For our Sales Superstars, the Sky is the Limit

Many companies have a system in place that limits what the sales team can make because they do not want a sales person to earn more than a higher-ranking Sales Manager, Sales Director or Vice President.

At ICAT Logistics DTW, we threw that model out the window and put a plan in place where the sky is the limit.  It is up to the sales person to determine what they earn. If you are a sales superstar and want to be paid accordingly, then give us a call.  We don’t mind paying great salespeople serious money because that means they’re doing their job in terms of serving our customers.

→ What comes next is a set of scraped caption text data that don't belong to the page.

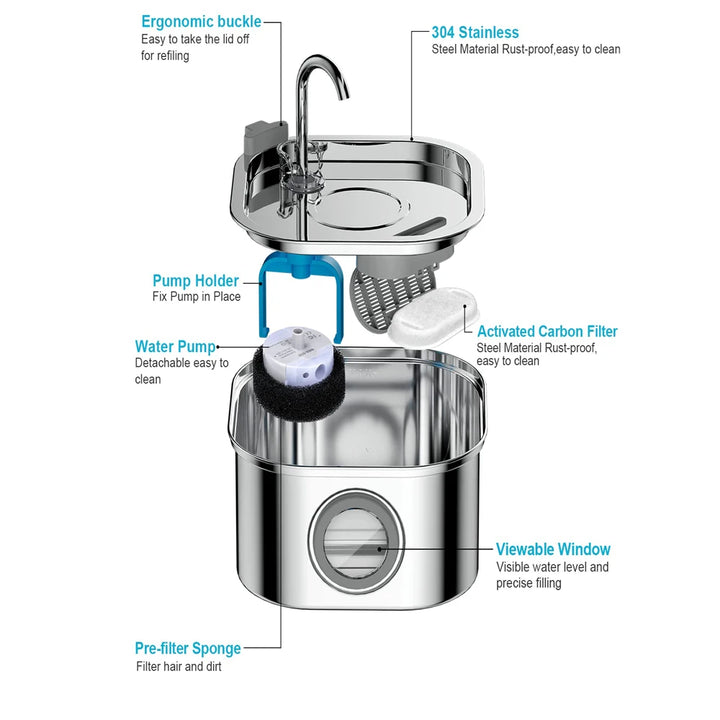 ZYFeeder Smart Pet Water Fountain – 2.2L Stainless Steel Automatic Dispenser for Cats & Dogs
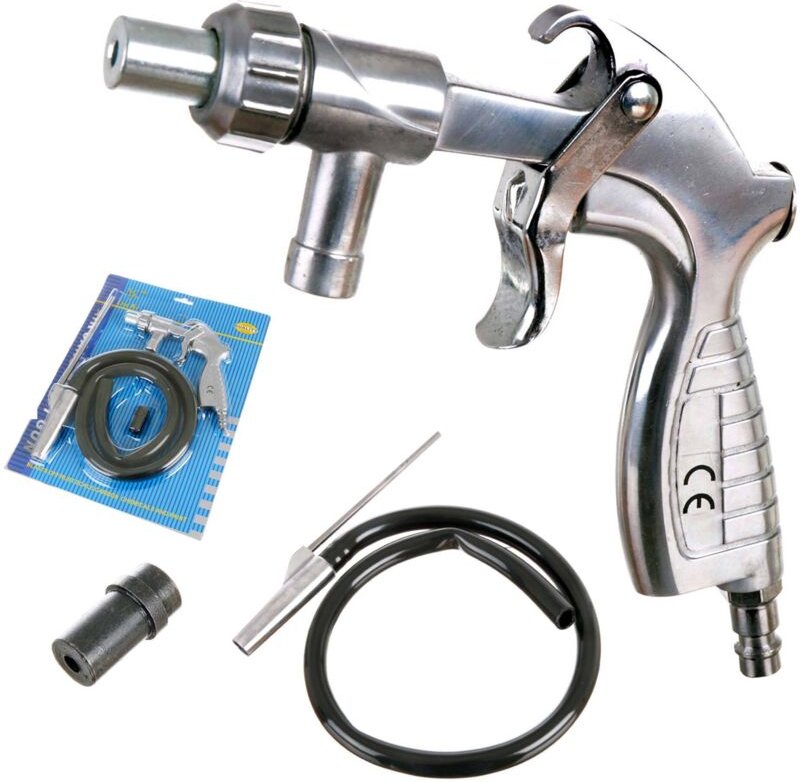 Sandstrahlpistole mit Schlauch, 2 Düsen, Rost-, Lack- und Korrosionsentfernung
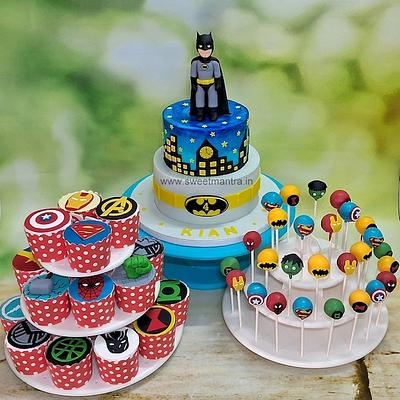 Superhero dessert table for boys - Cake by Sweet Mantra Homemade Customized Cakes Pune
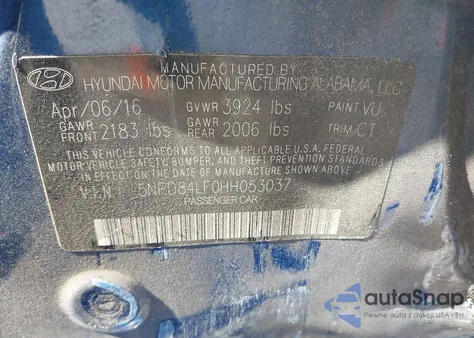 2017 Hyundai Elantra Limited из США, поврежденный, VIN 5NPD84LF0HH053037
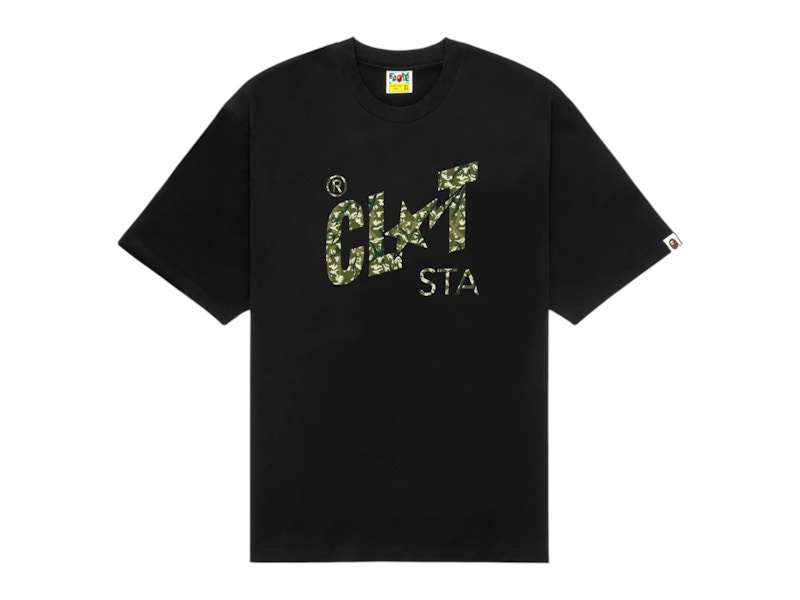 Pre-owned Bape Men's X Clot Camo Clot Sta Logo Relaxed Fit T-shirt In Black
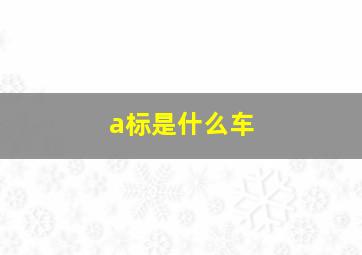 a标是什么车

Here’s what we think the best sales people do:

Get to the top: The best sales people reach for the top of their prospective clients’ organizations rather than work their way up. Some remarkably-effective salespeople take the harder route, working their way up. Others go high and go low, using a pincer approach of working top-down and bottom-up at the same time. Regardless of the approach, the best of the best know how to get to the top of the executive chain. For big sales, the support of the senior-most decision maker who makes the ultimate decisions selecting vendors and partners will be necessary.

Speak the language of senior executives: "You get sent to whom you sound like" is a truism for most people in sales. The objectives of a senior decision-maker and a frontline user may be aligned at a high level but the actual work is usually experienced and measured very differently. The best salespeople speak in all of the languages of the buying group members, but most importantly, they can address the most senior executive with confidence and relevance.

Translate: Complexity is the enemy of speed in the sales process. Companies and their subject matter experts are wary of solutions that are overly complex in their description and execution. Sales superstars know this and work well in translating complex issues into simple and relevant explanations to customers. Superstars also do a great job of coaching their own subject matter experts in representing the solution clearly and answering questions with the right level of detail.

Facilitate: Complex sales require a variety of people from your organization and the buyer's company to communicate, document, exchange information and stay on task. Often this is facilitated through meetings, but more often through transactional exchanges. A great salesperson keeps an eye on the details as if he or she were a Project Manager, ensuring progress on all the critical details.

Create: Big sales are rarely large volume purchases of off-the-shelf products or solutions, which are usually subject to a competitive bidding process based on a minimum standard and price. The most rewarding logistics deals typically have unique challenges, such as customized packaging, a tight time frame or an out-of-the-way destination. Great salespeople have the creativity to design a solution that meets the needs of both their own company and the buyer in a way that is sustainable over the term of the contract.

Move on: Superstars are persistent, but they can move on when they realize a deal is just not achievable. Much has been made of the quality of tenacity. It is a great quality to have, but not at the expense of efficiency. A clear ability to determine when it is time to move past a prospect that cannot or will not change from their current provider or approach is sometimes necessary for sales people to achieve all of the goals for the year.

Our philosophy is that sales superstars who possess these characteristics are extremely valuable both to us and to our customers. And they deserved to be compensated for the value they bring.